One is more or less conscious of the energy one spends, especially when one wastes it too much! It is a question here of the constant exchange between receiving and spending! Before the age of reason, little children receive a lot of energy and they spend it lavishly, without thinking, and this allows them to play for hours together without getting tired. But gradually, as thought develops, one begins to measure and calculate the energy spent—usually this is futile, for unless you have the knowledge of the process of receiving energy, it is better to spend freely what you get than let it stagnate within you.

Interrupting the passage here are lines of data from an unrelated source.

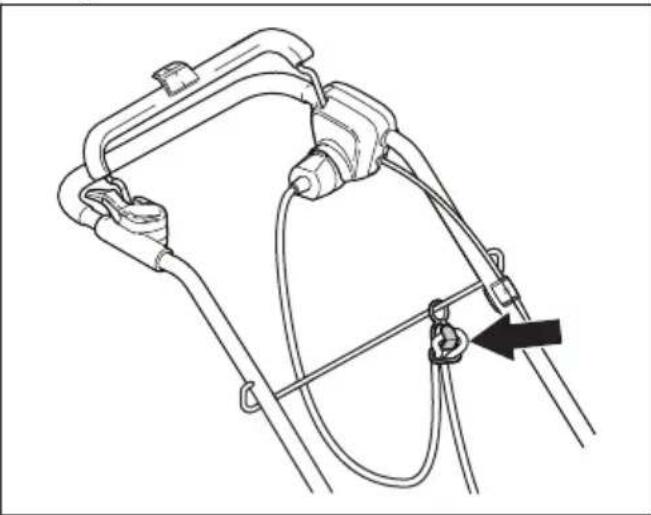 HUSQVARNA S138i - Biztonsagi kulcs - 3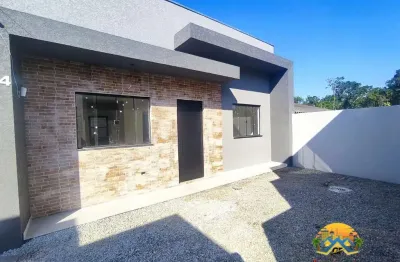 Casas modernas à venda em matinhos/pr - balneário saint etienne - excelente padrão de construção e acabamento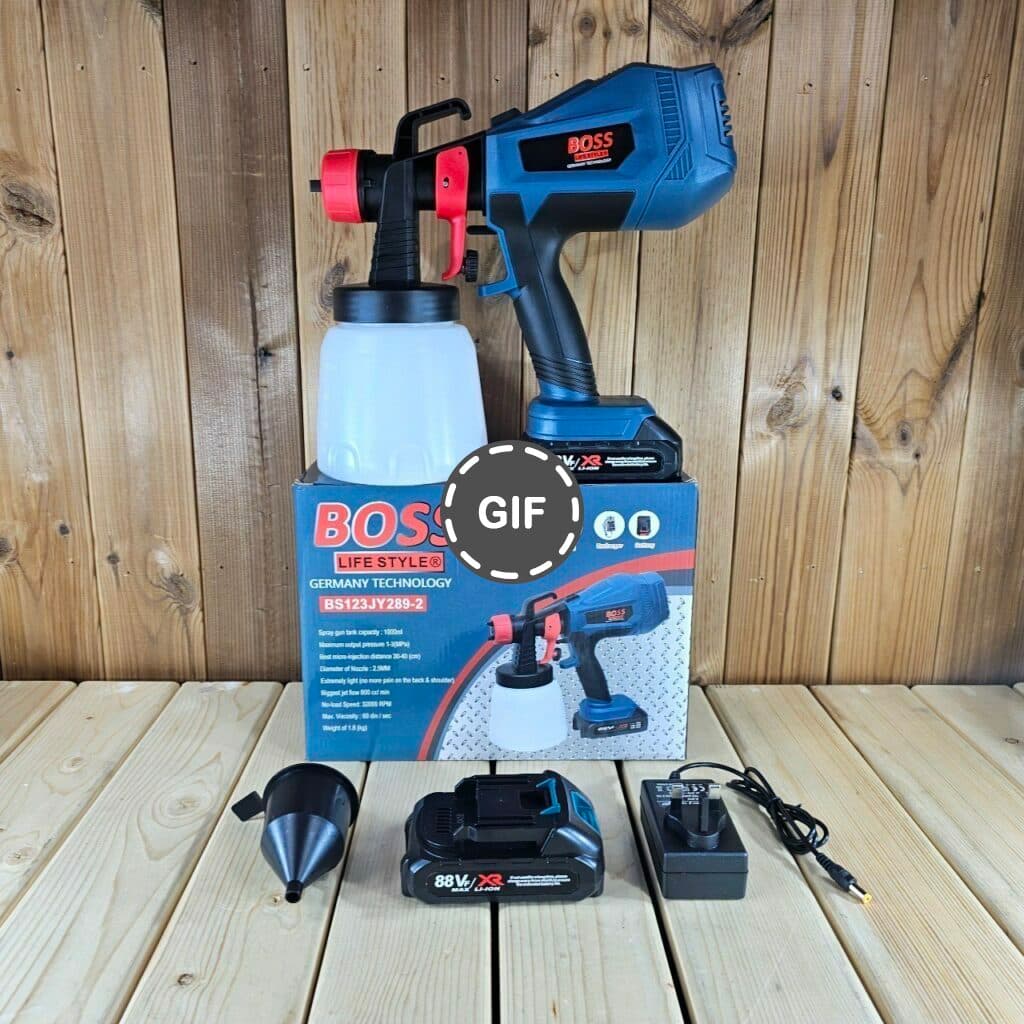 پیستوله شارژی بی صدا باس مدل JY289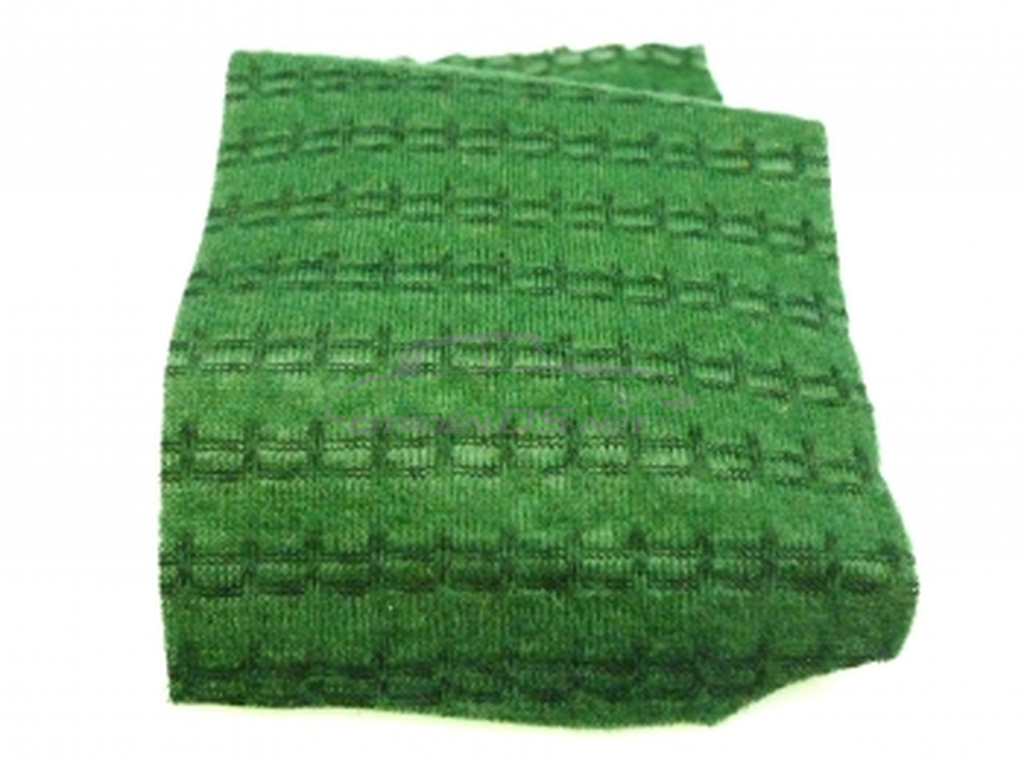 Pallas patterned seat covers, "Jura green" 1973-1975, set for 1 car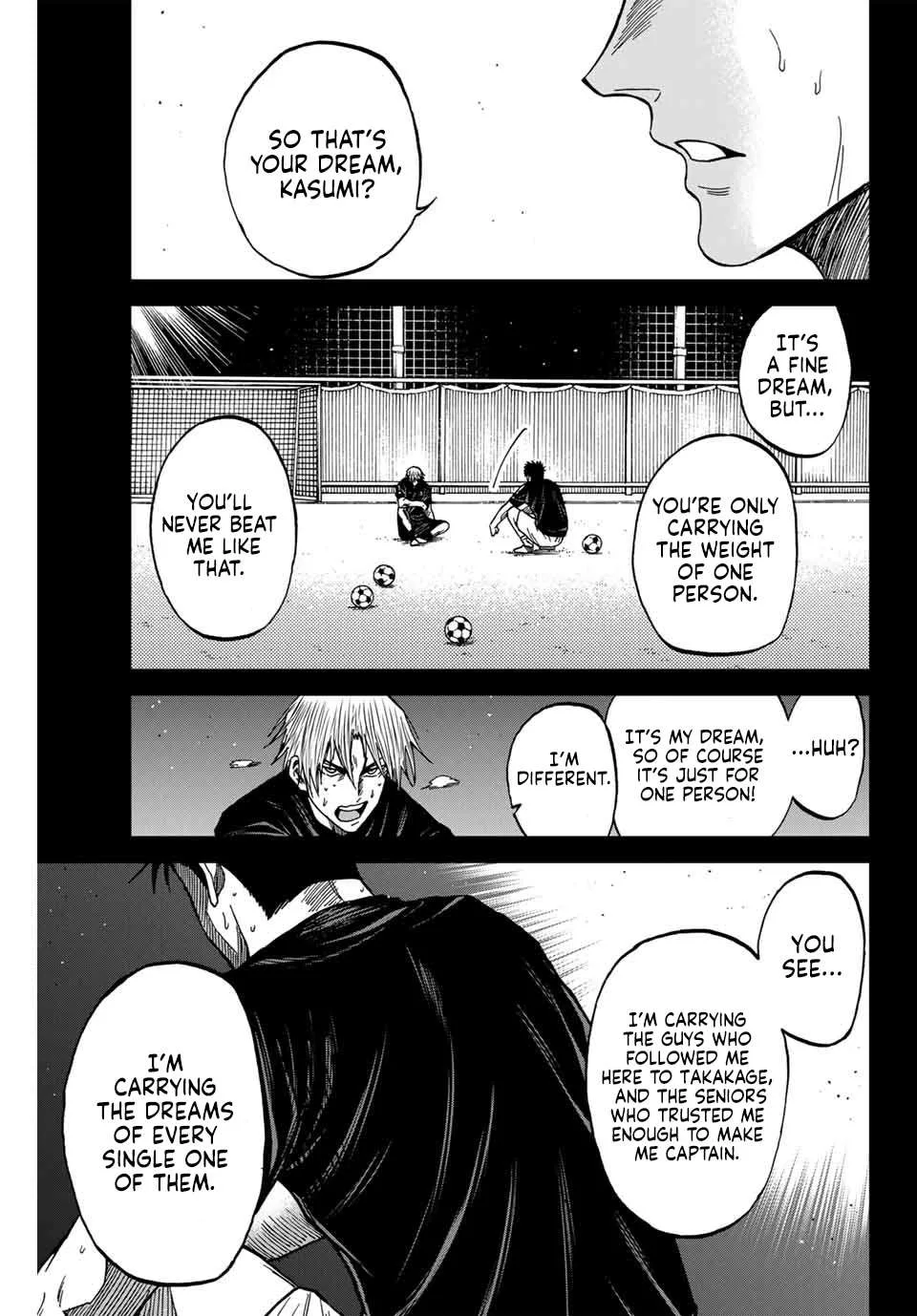 Aoku Somero Chapter 109 page 12
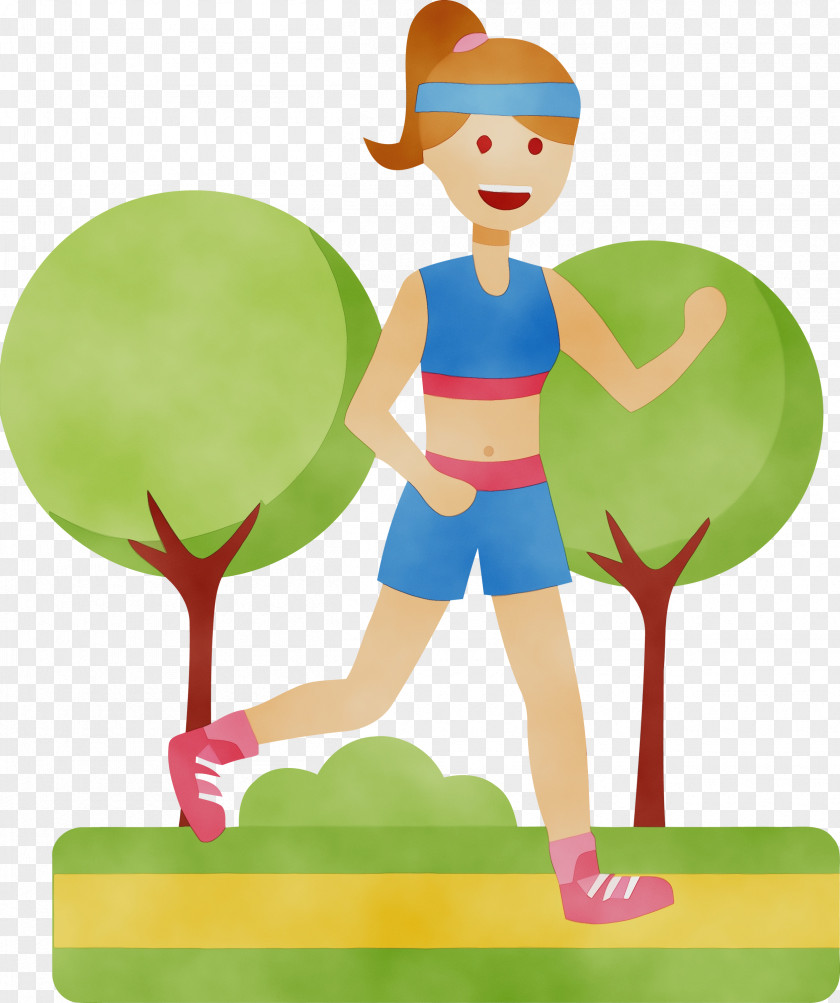 Cartoon Balance Play Ball PNG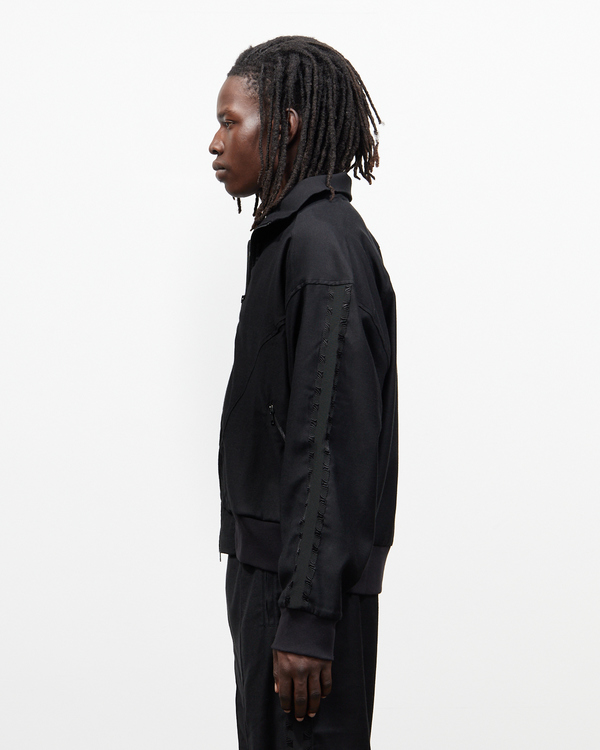 Our Legacy Track Jacket - Black | Garmentory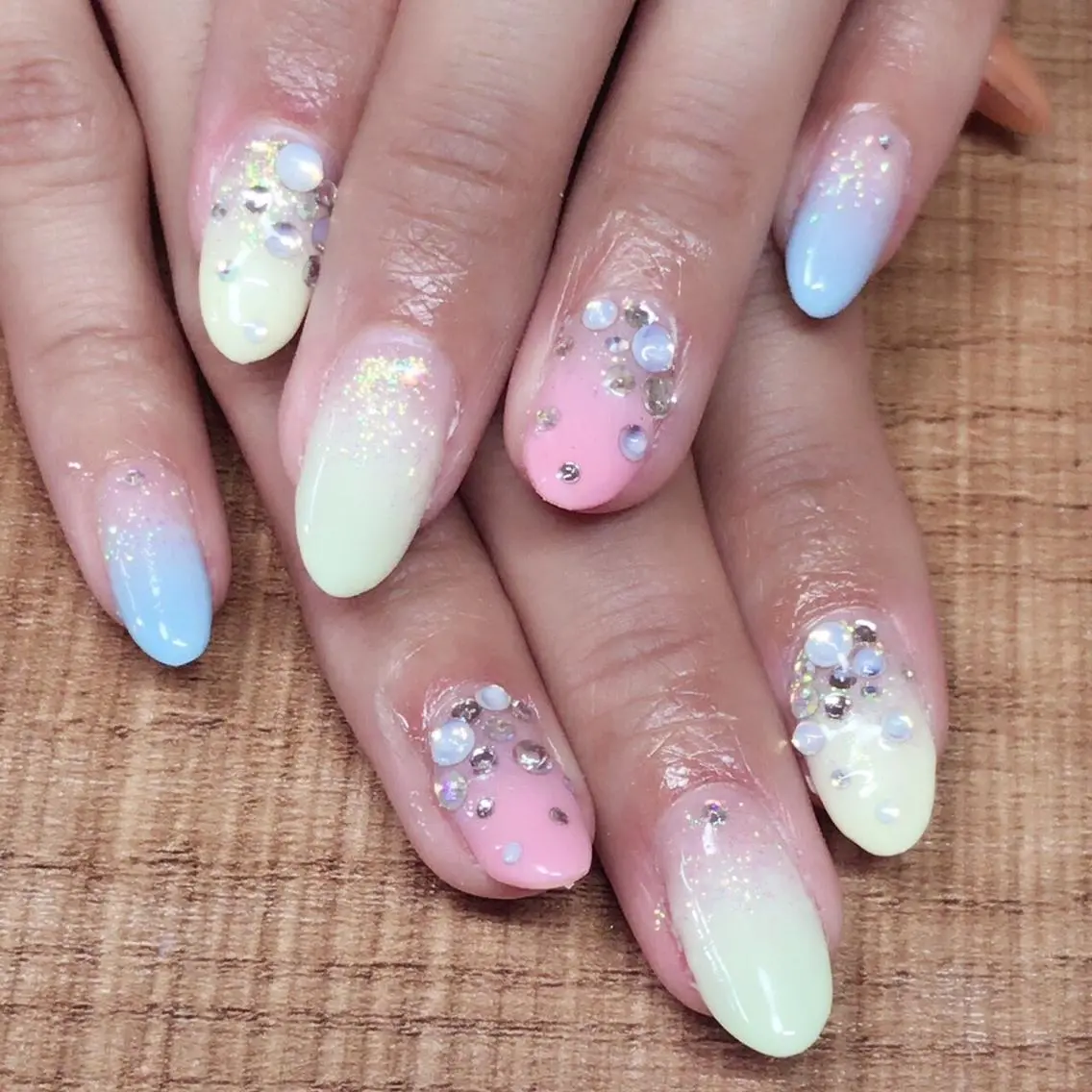 ネイル アートネイル 安藤 Charlotteのネイルデザイン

First, you must become conscious of the receiving of energies, their passing into your being and their expenditure. Next, you must have a sort of higher instinct which tells you whence the most favourable energies come; then you put yourself in contact with them through thought, through stillness or any other process—there are many. You must know what energy you want, whence it comes, of what it is composed. Later comes the control of the energy received. Ninety per cent of men do not absorb enough energy or they take in too much and do not assimilate what they take—as soon as they have had a sufficient dose they immediately throw it out by becoming restless, talking, shouting, You must know how to keep within you the received energy and concentrate it fully on the desired activity and not on anything else. If you can do this, you won’t need to use your will. You need only gather together all the energies received and use them consciously, concentrate with the maximum attention in order to do everything you want. [20]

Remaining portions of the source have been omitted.